Я спросил Даварашвили почему же – если она и вправду умерла во сне глаза были открыты. Это мало что значит, ответил он, поскольку в момент кончины веки часто невольно раскрываются. Древние врачи, объяснил он, считали, будто природа устроила это с тем, чтобы, заглядывая в глаза мертвецов, люди сумели постигнуть естественное состояние человеческого духа, которым, по его расчетам, является меланхолия.

В отличие от других свидетелей, Даварашвили считал, что в глазах Нателы застыло не спокойствие, а меланхолия, то есть душевная истерия, поражающая волю и навевающая чувство полной неспособности разобраться в собственных желаниях. У некоторых людей, объяснил он, переход от существования к его осмыслению резко замедляется, – и тогда ими овладевает меланхолия, истерическое состояние души, лишенной воли. Он сказал еще, что от этого не умирают, и поэтому – одно из двух: либо женщина страдала не описанной формой меланхолии, либо причиной смерти оказался иной недуг, который можно распознать лишь при исследовании трупа. Залман, между тем, настоял, чтобы Нателу не отвозили в морг, поскольку никому из петхаинцев не хотелось начинать первые в общине похороны с кощунства, которым, по всеобщему мнению, являлось кромсание трупа. Начальник участка охотно согласился с беженцами и – за отсутствием у Нателы родственников в Америке – попросил Залмана вместе с доктором расписаться в том, что причина смерти Элигуловой не вызывает у Землячества подозрений.

Залман предложил провести последнюю панихиду в синагогальном дворе, как это обычно и делалось в Тбилиси. Петхаинцы поддержали его не из любви к усопшей, а из непреодоленной брезгливости к местным обычаям, в частности, к траурным обрядам в похоронных домах, напоминающих, дескать, магазины ненужных товаров, где все торговцы, опрысканные одним и тем же одеколоном, расхаживают в одинаковых черных костюмах с атласными лацканами и с одинаковою же угодливой улыбкой на припудренных физиономиях. Любви к Нателе никто из петхаинцев не испытывал, и у большинства сложилось твердое мнение, что ее ранняя смерть явилась запоздалым небесным наказанием за постоянные прегрешения души и плоти, то есть за постоянное земное везение и успех. Мужчин раздражало в ней ее богатство и полное к ним пренебрежение. Женщины не прощали ей не столько красоту и эротическую избыточность, сколько скандальную независимость и жадную открытость приступам счастья.

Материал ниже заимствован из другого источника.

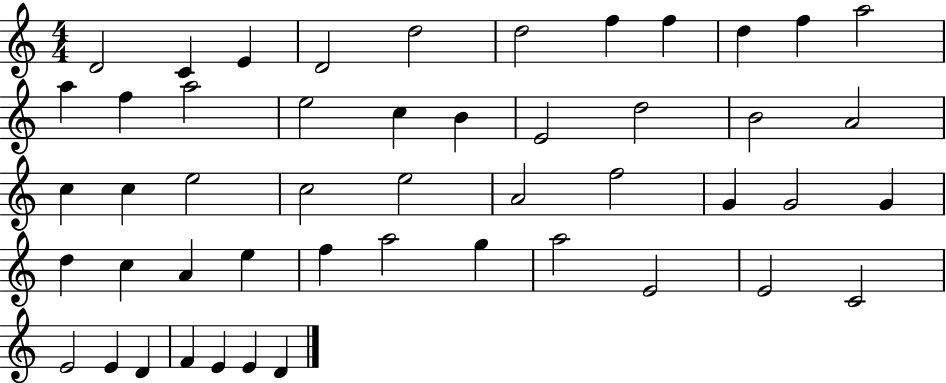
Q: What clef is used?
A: treble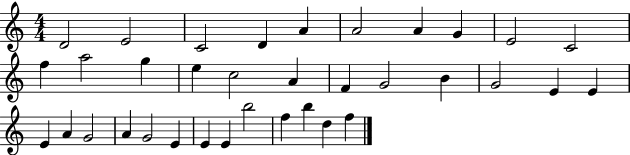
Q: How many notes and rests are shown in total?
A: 35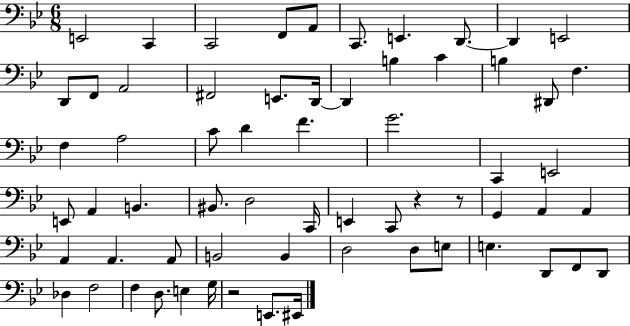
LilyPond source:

{
  \clef bass
  \numericTimeSignature
  \time 6/8
  \key bes \major
  e,2 c,4 | c,2 f,8 a,8 | c,8. e,4. d,8.~~ | d,4 e,2 | \break d,8 f,8 a,2 | fis,2 e,8. d,16~~ | d,4 b4 c'4 | b4 dis,8 f4. | \break f4 a2 | c'8 d'4 f'4. | g'2. | c,4 e,2 | \break e,8 a,4 b,4. | bis,8. d2 c,16 | e,4 c,8 r4 r8 | g,4 a,4 a,4 | \break a,4 a,4. a,8 | b,2 b,4 | d2 d8 e8 | e4. d,8 f,8 d,8 | \break des4 f2 | f4 d8. e4 g16 | r2 e,8. eis,16 | \bar "|."
}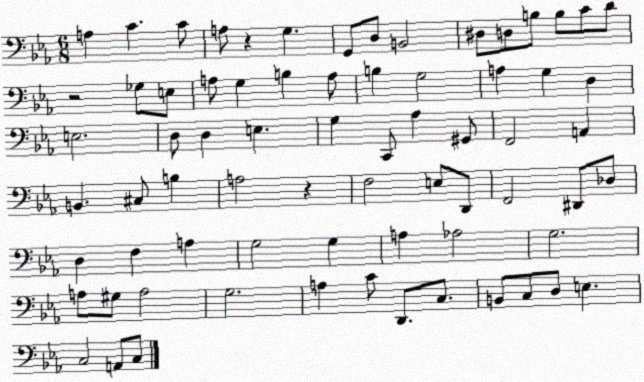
X:1
T:Untitled
M:6/8
L:1/4
K:Eb
A, C C/2 A,/2 z G, G,,/2 D,/2 B,,2 ^D,/2 D,/2 B,/2 B,/2 C/2 D/2 z2 _G,/2 E,/2 A,/2 G, B, A,/2 B, G,2 A, G, D, E,2 D,/2 D, E, G, C,,/2 _A, ^G,,/2 F,,2 A,, B,, ^C,/2 B, A,2 z F,2 E,/2 D,,/2 F,,2 ^D,,/2 _D,/2 D, F, A, G,2 G, A, _A,2 G,2 A,/2 ^G,/2 A,2 G,2 A, C/2 D,,/2 C,/2 B,,/2 C,/2 D,/2 E, C,2 A,,/2 C,/2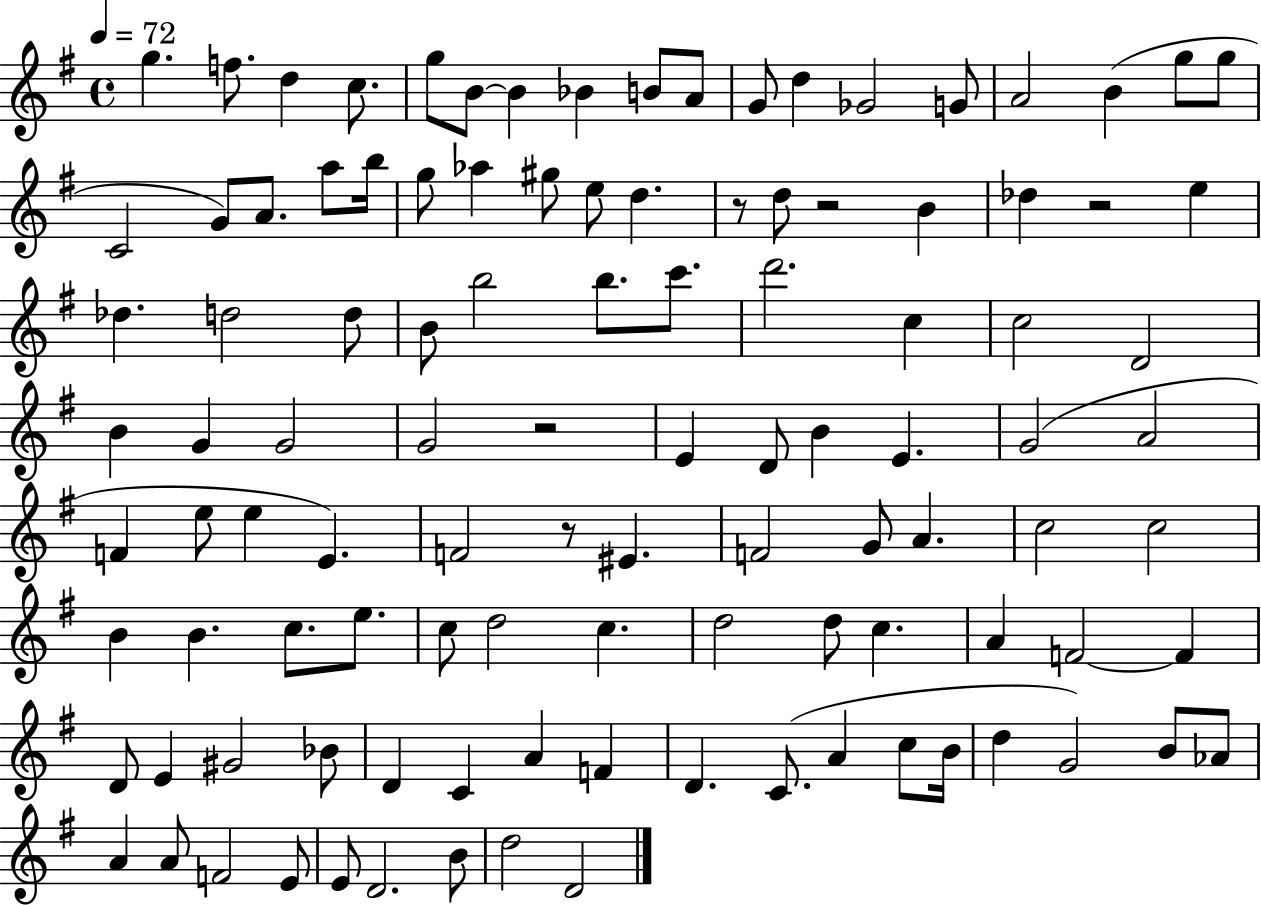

Натела Элигулова была ярким воплощением тех качеств, которые среди петхаинцев – да и не только – сходили за пороки по причинам непонятным, ибо к этим порокам все тайно и стремятся. Причем, про себя все называют их не источником грядущих бед, а уже состоявшимся вознаграждением, в результате чего получается, что награда за многие пороки заключается в самих тех вещах, которые испокон веков именуются как раз пороками.

Хотя, например, петхаинцы твердили, будто материальный избыток развращает душу и является пороком, они не умели забыть другого: Бог награждает богатством именно Своих любимцев, перечень которых, однако, не может, дескать, не отвращать от небес. Другой пример. Хотя любовный разврат есть порок, любовная утеха – это удовольствие, то есть награда, и развратным, значит, является тот, кому за какие-то достоинства Господь пожаловал больше удовольствий. Так же и с надменностью: это – грех, но Бог дает надменность тому, кто достаточно силен, чтобы ни от кого не зависеть.

Натела знала, что земляки робели в ее присутствии, а женщины перед ней заискивали и, стало быть, ее проклинали, но защищалась она от них просто: избегала с ними встреч и носила на шее амулет из продырявленного камня на шнурке, предохранявший ее от дурного глаза и слова. Ей приходилось защищаться и от самой себя: все свои зеркала, даже в пудреницах, она покрывала паутиной, в которой застревают любые проклятия. Опасалась, что, заглядывая в зеркало и поражаясь каждый раз своей необычной привлекательности, она сама может вдруг сглазить себя, если ненароком – что бывает со всеми людьми – помыслит о себе как о постороннем человеке.